6, 22, 31, 32 and 33 The study was conducted at the dedicated animal operation center of the Chinese PLA General Hospital, Beijing, China, with approval of the Animal Care and Use Committee. Thirty-four adult mongrel dogs of both sexes with an average body weight of 15 kg (range, 12-18 kg) were used. The canine model was chosen for its anatomic, physiologic, and immunologic similarity to humans.34 The animals were fasted from solid food LDE225 manufacturer for 48 hours before procedures but were allowed full access to water. All procedures were performed in a supine position with the animals under general anesthesia (pentobarbital
1 mg/kg, IM) and oxygen supplied after endotracheal intubation. A sterile forward-viewing, double working channel endoscope (2T200; Olympus Optical Ltd, Tokyo, Japan) inside an overtube was
inserted into the stomach followed by lavage of the stomach with 1000 mL 10% povidone-iodine solution through the working channel of the endoscope. The transgastric access site was located in the anterior gastric wall at the junction between the gastric body and antrum. A needle-knife sphincterotome (Boston Scientific Microvasive, Natick, MA) was used to create a 2-mm full-thickness incision, through which a guidewire was introduced and advanced into the peritoneal cavity. After dilatation of the incision site for 60 seconds with a 20-mm dilation balloon (CRE balloon, Boston Scientific Microvasive), both balloon and endoscope were advanced into the peritoneal cavity through the enlarged transgastric access. The animals were then subjected to an exploratory peritoneoscopy of 20 minutes and a gastrotomy http://www.selleckchem.com/products/nutlin-3a.html closure, after being randomly assigned into 1 of the 4 procedure groups
(see below) in either the survival or nonsurvival study. The survival and nonsurvival Bcl-w studies were carried out simultaneously. Endoscopic clips (HX-5LR-1; Olympus) were first applied to both ends of the incision to narrow the span of the gastric opening and then sequentially toward the center of the incision (Fig. 1A). The number of clips and time consumed for each closure were documented.

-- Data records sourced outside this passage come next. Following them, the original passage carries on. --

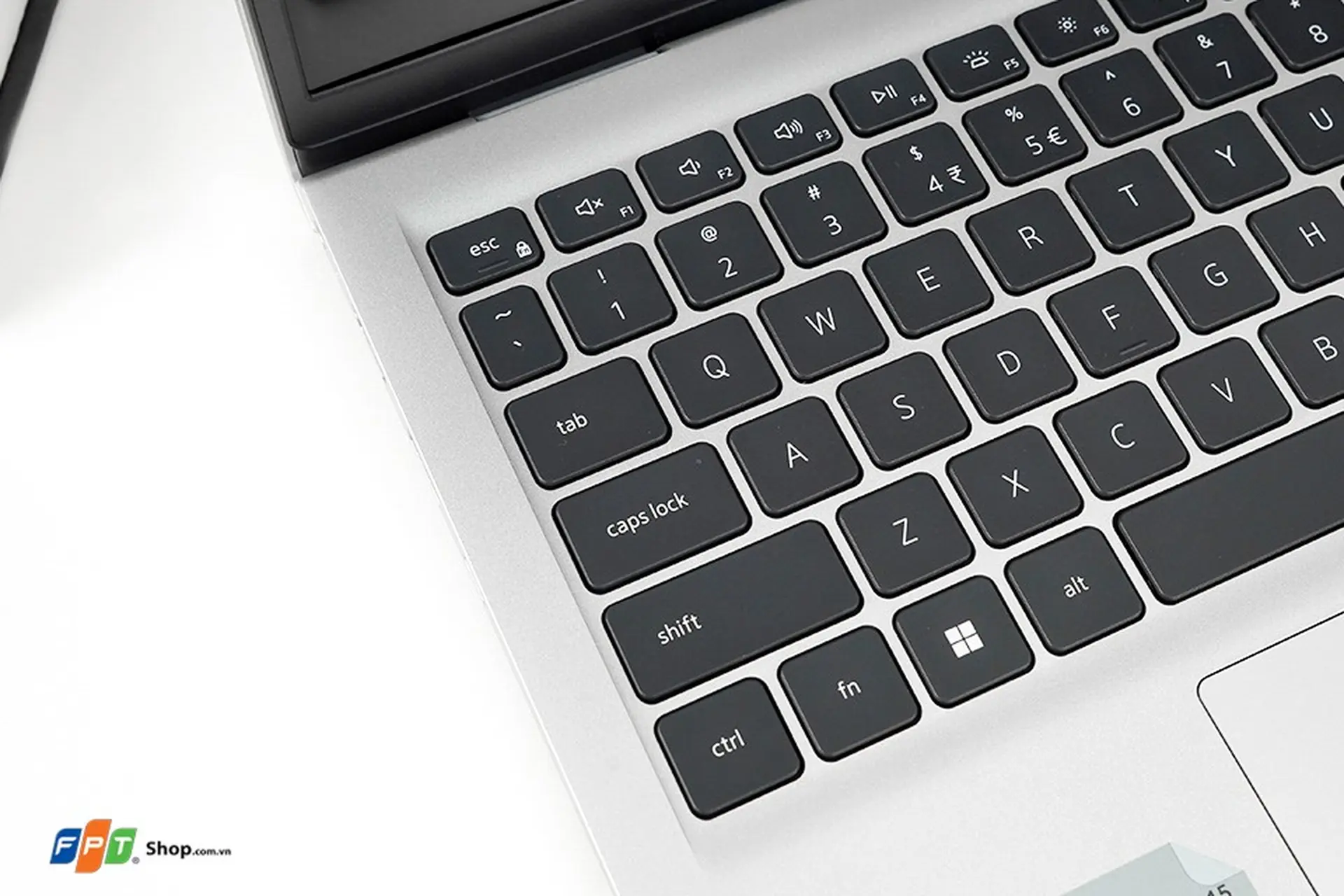 https://fptshop.com.vn/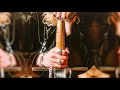 Download Lagu Jeris Johnson - my sword [Official Audio]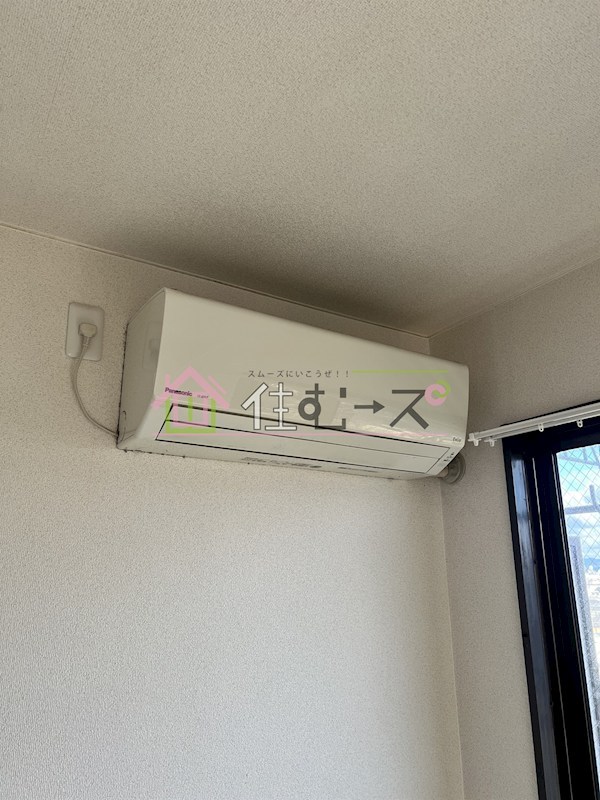 ルベール公園前 その他3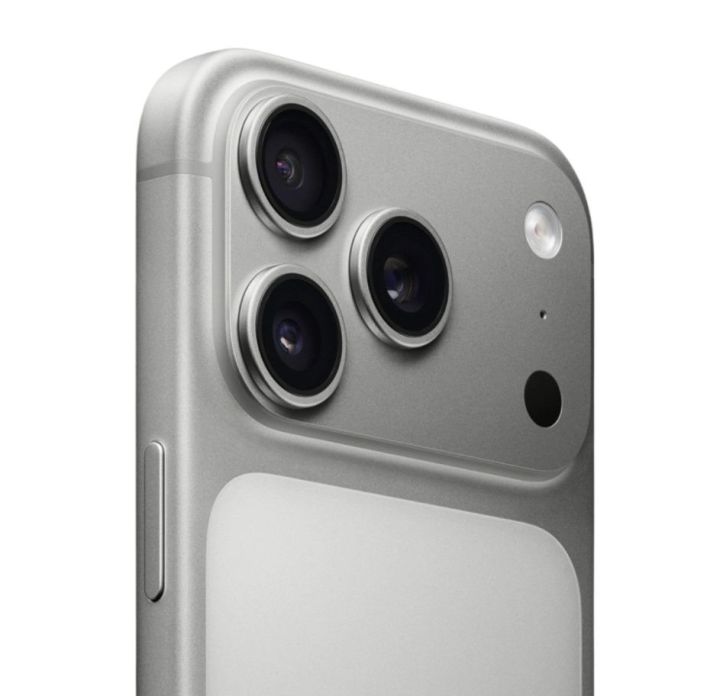 Apple%20iPhone%2017%20Pro%20Max%20256GB%20(5G)%20%E2%80%93%20X/A%20(Sim%20Version)%20-%20Image%202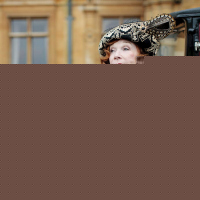Downton Abbey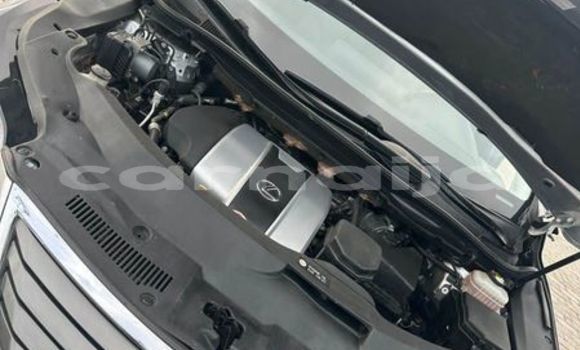 Acheter Occasion Voiture Lexus IS Autre à Lagos, État de Lagos Acheter Occasion Voiture Lexus IS Autre à Lagos, État de Lagos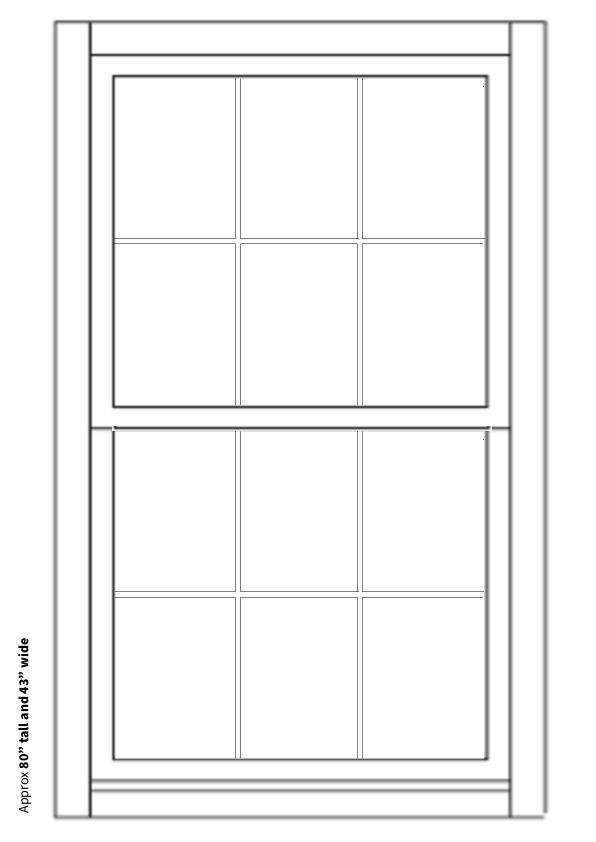 Document 4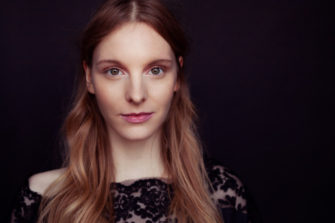 News: VIVIE ANN „Euphoria“ Musikvideo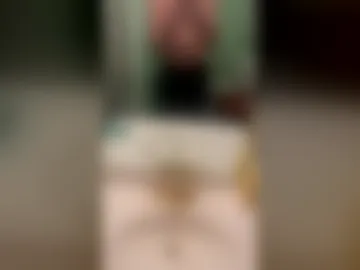 damnboii97 live webcam preview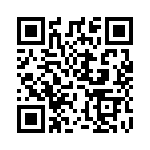 MTLL-5W-A QRCode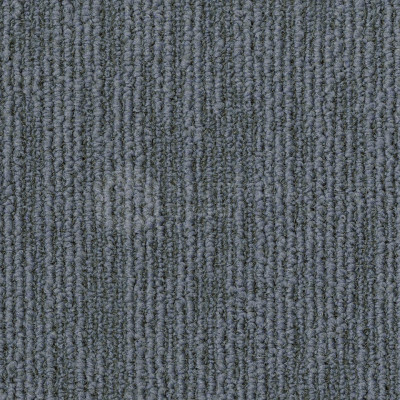 Ковровая плитка Desso Airmaster Atmos 8814, 500*500*6 ммAirmaster Atmos 8814, 500*500*6 мм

The details of this procedure were described in the previous study.30 In brief, a free greater omentum flap near the serosal gastrotomy site was gently pulled into the gastric cavity by a pair of biopsy forceps. The omental flap was placed approximately 2 to 3 cm into the gastric cavity and then attached to the gastric mucosa with endoclips. All clips were positioned around the gastrotomy site to ensure effective sealing of the gastric defect approximately 1 to 2 cm away from the defects (Fig. 1B). No clips were deployed directly to close the gastrotomy site. After completion of the peritoneoscopy, the endoscope was removed and exchanged with a sterile single-channel upper endoscope (GIF 160; Olympus) mounted with a transparent applicator cap containing a modified 12-mm OTSC clip.